All Christians intellectually agree that Christ died for our sins, but only those seeking “Life” from God on a moment-by-moment basis can effectively fill themselves with his love and pass it on to others as we are commanded. To be awake to God in each moment is to die to ourselves continually. “Only now are we free to agree with God that every person we encounter, including our own worst enemies, was worth Christ dying for” (107). What an effective reminder of how radical authentic Christianity is!
Boyd closes Present Perfect with a reminder of the big picture. “As much as possible, we are to manifest now what will be true for the whole creation in the future” (150). Our full, authentic belief in God can be displayed in our actions, in each moment.

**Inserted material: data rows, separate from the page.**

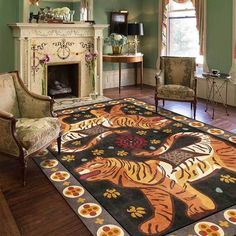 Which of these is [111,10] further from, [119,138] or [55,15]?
[119,138]

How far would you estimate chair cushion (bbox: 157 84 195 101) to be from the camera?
477 centimetres

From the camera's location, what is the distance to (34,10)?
541 cm

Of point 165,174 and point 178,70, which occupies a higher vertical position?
point 178,70

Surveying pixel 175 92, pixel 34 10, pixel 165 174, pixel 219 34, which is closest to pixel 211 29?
pixel 219 34

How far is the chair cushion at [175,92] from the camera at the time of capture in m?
4.77

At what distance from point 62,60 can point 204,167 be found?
3607 millimetres

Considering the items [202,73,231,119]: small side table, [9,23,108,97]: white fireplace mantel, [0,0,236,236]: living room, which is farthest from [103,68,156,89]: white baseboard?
[202,73,231,119]: small side table

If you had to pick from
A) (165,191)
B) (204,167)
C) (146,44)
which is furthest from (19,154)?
(146,44)

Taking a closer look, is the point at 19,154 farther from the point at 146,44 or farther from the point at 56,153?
the point at 146,44

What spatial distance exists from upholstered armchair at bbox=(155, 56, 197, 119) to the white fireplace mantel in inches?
59.0

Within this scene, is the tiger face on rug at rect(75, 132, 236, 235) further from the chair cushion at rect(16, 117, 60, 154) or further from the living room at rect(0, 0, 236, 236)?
the chair cushion at rect(16, 117, 60, 154)

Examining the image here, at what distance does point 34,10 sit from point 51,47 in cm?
73

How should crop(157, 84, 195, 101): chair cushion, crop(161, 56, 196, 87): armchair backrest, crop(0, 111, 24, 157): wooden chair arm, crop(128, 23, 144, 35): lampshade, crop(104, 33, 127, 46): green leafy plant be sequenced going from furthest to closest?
crop(128, 23, 144, 35): lampshade → crop(104, 33, 127, 46): green leafy plant → crop(161, 56, 196, 87): armchair backrest → crop(157, 84, 195, 101): chair cushion → crop(0, 111, 24, 157): wooden chair arm

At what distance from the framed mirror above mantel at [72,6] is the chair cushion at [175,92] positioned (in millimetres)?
2413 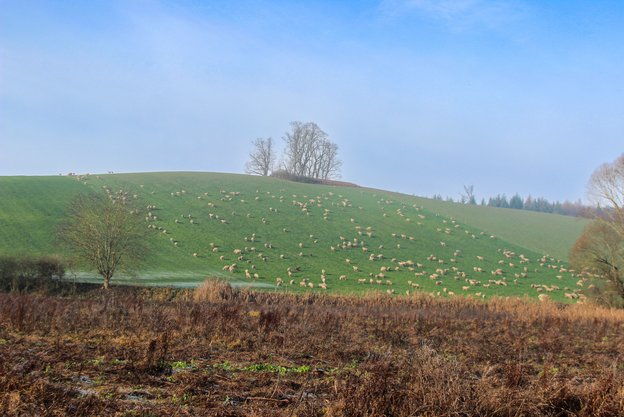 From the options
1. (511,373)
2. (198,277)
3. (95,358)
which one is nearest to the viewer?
(511,373)

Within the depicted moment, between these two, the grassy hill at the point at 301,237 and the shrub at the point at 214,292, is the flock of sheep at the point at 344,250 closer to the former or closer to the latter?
the grassy hill at the point at 301,237

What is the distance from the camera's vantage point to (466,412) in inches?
282

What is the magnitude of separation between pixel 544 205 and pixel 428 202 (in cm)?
10510

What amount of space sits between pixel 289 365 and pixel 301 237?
52.1 metres

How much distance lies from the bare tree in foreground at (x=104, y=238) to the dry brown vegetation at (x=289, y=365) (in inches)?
600

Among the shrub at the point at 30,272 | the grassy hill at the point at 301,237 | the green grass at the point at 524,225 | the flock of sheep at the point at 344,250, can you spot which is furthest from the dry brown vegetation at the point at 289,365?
the green grass at the point at 524,225

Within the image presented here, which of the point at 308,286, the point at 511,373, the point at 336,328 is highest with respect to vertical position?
the point at 511,373

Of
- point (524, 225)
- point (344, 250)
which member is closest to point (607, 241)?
point (344, 250)

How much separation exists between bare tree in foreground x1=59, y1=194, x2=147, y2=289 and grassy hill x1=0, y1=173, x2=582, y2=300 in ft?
14.5

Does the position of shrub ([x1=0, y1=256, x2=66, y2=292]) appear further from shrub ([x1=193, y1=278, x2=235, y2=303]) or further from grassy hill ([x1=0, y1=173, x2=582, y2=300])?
shrub ([x1=193, y1=278, x2=235, y2=303])

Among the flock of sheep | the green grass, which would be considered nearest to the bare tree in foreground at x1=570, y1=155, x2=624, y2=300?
the flock of sheep

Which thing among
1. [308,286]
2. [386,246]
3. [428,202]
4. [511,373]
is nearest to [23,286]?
[308,286]

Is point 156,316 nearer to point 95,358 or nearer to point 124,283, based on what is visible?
point 95,358

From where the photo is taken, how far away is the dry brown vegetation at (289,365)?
7.44 meters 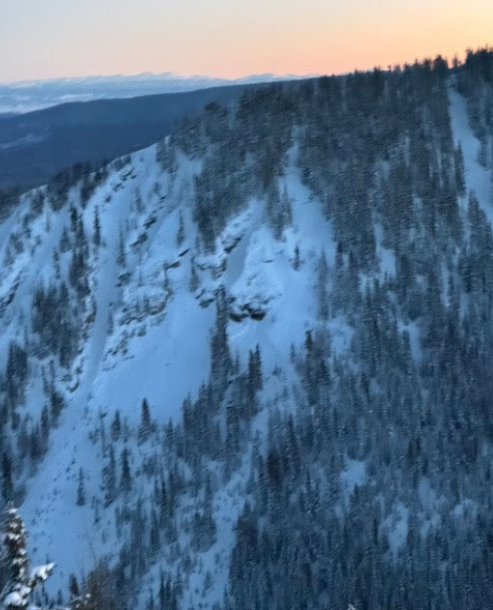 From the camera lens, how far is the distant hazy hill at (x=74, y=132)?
447ft

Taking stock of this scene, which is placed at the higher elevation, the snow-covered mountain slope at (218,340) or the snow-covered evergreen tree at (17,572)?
the snow-covered evergreen tree at (17,572)

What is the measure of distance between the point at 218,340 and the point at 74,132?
412ft

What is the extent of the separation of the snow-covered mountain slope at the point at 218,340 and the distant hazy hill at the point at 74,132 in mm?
61606

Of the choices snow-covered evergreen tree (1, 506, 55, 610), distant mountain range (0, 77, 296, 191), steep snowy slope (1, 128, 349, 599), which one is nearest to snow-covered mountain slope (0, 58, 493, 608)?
steep snowy slope (1, 128, 349, 599)

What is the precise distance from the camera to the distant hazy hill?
447 ft

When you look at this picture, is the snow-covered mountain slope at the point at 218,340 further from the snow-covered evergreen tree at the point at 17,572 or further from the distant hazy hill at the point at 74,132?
the distant hazy hill at the point at 74,132

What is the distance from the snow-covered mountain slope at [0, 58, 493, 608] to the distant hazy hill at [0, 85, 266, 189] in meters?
61.6

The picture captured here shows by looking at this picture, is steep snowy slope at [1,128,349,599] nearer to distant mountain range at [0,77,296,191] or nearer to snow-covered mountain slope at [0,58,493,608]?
snow-covered mountain slope at [0,58,493,608]

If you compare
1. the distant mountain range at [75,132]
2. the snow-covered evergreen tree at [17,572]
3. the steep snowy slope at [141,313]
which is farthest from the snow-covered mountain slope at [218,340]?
the distant mountain range at [75,132]

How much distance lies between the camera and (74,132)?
16875cm

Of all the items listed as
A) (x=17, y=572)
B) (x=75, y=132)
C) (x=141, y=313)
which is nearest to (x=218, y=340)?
(x=141, y=313)

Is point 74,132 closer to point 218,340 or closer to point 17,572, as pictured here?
point 218,340

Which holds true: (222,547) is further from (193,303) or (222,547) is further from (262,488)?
(193,303)

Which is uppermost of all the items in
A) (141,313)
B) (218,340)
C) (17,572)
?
(17,572) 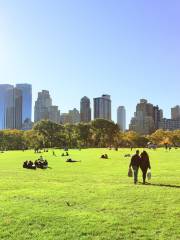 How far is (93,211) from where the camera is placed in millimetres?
20453

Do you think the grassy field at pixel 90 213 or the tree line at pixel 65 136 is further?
the tree line at pixel 65 136

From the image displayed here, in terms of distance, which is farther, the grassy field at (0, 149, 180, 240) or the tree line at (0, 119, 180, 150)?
the tree line at (0, 119, 180, 150)

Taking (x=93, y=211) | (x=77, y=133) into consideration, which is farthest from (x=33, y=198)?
(x=77, y=133)

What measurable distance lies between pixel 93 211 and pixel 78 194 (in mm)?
5217

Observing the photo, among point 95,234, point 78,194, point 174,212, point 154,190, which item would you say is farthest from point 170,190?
point 95,234

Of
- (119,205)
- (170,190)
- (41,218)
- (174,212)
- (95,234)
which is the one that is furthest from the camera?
(170,190)

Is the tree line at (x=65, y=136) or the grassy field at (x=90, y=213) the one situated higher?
the tree line at (x=65, y=136)

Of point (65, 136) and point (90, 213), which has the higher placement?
point (65, 136)

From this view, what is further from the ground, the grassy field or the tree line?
the tree line

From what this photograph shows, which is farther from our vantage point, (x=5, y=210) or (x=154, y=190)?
(x=154, y=190)

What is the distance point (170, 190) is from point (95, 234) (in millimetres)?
12079

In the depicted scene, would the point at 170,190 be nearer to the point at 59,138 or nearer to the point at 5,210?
the point at 5,210

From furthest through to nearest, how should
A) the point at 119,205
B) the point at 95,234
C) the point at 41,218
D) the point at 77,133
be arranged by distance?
the point at 77,133
the point at 119,205
the point at 41,218
the point at 95,234

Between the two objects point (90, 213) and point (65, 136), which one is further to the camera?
point (65, 136) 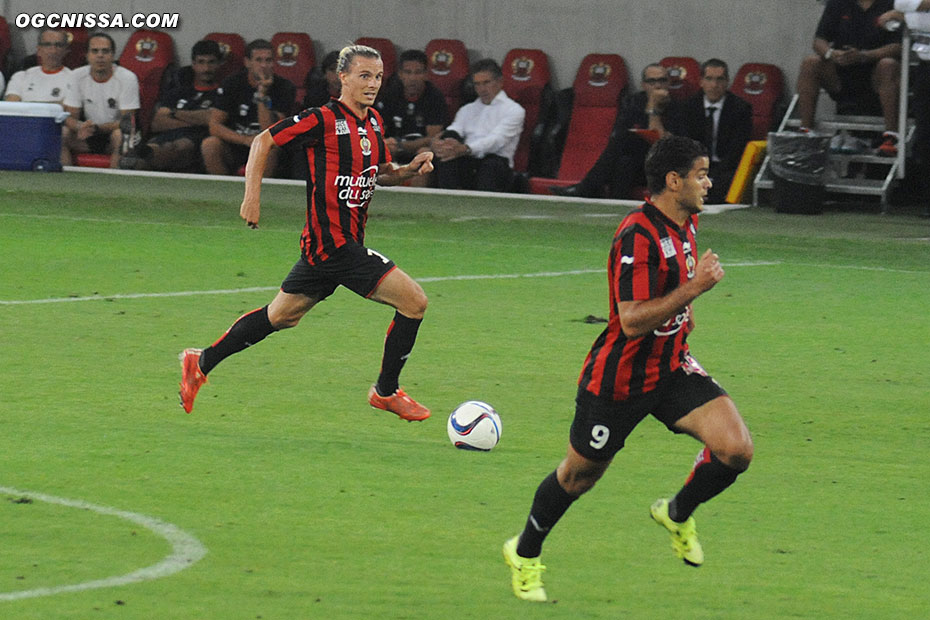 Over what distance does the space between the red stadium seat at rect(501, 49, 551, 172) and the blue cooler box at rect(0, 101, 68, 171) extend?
18.9 feet

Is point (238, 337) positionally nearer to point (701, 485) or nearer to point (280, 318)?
point (280, 318)

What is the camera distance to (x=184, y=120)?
71.1 feet

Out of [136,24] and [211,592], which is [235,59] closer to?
[136,24]

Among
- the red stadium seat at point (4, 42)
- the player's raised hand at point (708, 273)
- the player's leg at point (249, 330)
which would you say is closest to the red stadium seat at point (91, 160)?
the red stadium seat at point (4, 42)

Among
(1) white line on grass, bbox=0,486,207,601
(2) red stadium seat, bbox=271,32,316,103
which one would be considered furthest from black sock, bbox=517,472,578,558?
(2) red stadium seat, bbox=271,32,316,103

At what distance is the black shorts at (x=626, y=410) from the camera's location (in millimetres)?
5266

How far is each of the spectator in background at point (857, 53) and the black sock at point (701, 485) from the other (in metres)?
13.7

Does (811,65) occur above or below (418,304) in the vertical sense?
above

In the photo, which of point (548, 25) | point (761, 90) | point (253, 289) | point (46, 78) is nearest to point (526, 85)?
point (548, 25)

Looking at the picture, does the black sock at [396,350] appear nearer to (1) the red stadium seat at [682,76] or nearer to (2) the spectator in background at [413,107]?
(1) the red stadium seat at [682,76]

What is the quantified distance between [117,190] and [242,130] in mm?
2195

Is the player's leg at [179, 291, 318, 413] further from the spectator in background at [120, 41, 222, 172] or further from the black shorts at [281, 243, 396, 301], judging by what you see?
the spectator in background at [120, 41, 222, 172]

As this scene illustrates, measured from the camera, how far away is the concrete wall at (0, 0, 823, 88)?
67.2 ft

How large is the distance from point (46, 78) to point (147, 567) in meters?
18.2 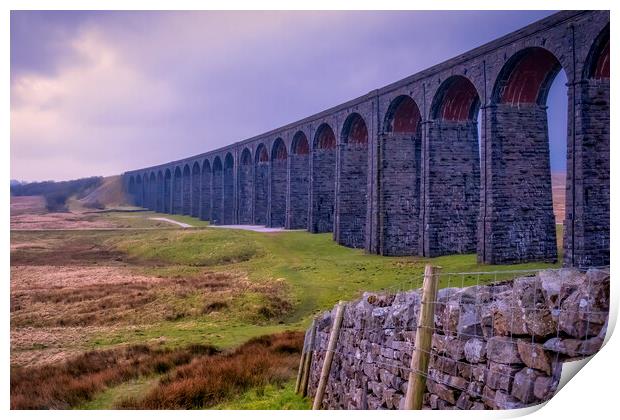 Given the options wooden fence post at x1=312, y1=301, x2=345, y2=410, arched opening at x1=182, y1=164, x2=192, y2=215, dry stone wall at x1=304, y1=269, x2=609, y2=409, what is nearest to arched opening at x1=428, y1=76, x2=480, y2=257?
wooden fence post at x1=312, y1=301, x2=345, y2=410

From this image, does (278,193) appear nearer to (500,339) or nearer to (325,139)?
(325,139)

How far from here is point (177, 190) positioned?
2333 inches

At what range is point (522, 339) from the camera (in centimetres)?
558

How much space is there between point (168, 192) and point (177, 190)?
115 centimetres

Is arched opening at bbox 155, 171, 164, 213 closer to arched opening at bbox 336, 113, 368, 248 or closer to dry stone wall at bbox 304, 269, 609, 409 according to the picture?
arched opening at bbox 336, 113, 368, 248

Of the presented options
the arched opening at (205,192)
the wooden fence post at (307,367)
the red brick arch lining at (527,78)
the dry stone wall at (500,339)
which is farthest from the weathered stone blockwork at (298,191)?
the dry stone wall at (500,339)

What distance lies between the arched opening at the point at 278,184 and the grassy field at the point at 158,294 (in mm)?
18898

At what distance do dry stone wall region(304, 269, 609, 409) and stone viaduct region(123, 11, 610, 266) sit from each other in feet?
33.0

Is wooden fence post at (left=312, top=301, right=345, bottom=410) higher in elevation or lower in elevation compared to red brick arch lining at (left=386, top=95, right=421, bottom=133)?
→ lower

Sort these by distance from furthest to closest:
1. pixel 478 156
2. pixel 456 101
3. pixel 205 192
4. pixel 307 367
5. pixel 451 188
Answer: pixel 205 192 < pixel 478 156 < pixel 451 188 < pixel 456 101 < pixel 307 367

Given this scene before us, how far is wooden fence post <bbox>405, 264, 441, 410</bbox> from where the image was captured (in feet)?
20.7

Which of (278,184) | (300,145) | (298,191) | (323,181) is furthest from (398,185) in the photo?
(278,184)

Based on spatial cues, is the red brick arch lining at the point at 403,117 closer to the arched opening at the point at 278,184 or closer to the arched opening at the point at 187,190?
the arched opening at the point at 278,184

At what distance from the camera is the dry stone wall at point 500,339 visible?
5289 mm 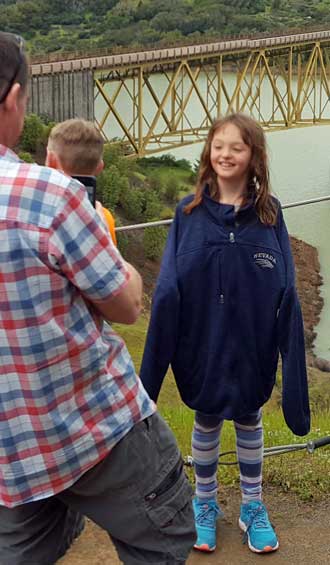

Present Perfect is inspiring, freeing and deeply convicting at the same time. Boyd effectively grounds his work in classic contemplative authors and scripture, while keeping his finger on the pulse of our modern culture. He employs challenging exercises to tie down abstract notions of a living, loving, ever-present God.

Reviewer’s notes: I highly recommend this book! My delay in writing this review is a testimony to how challenging and convicting it is. Against the author’s advice, I read hurriedly and hungrily, leaving my review copy cluttered with notes. I’m sure I will use this book as a resource in the future.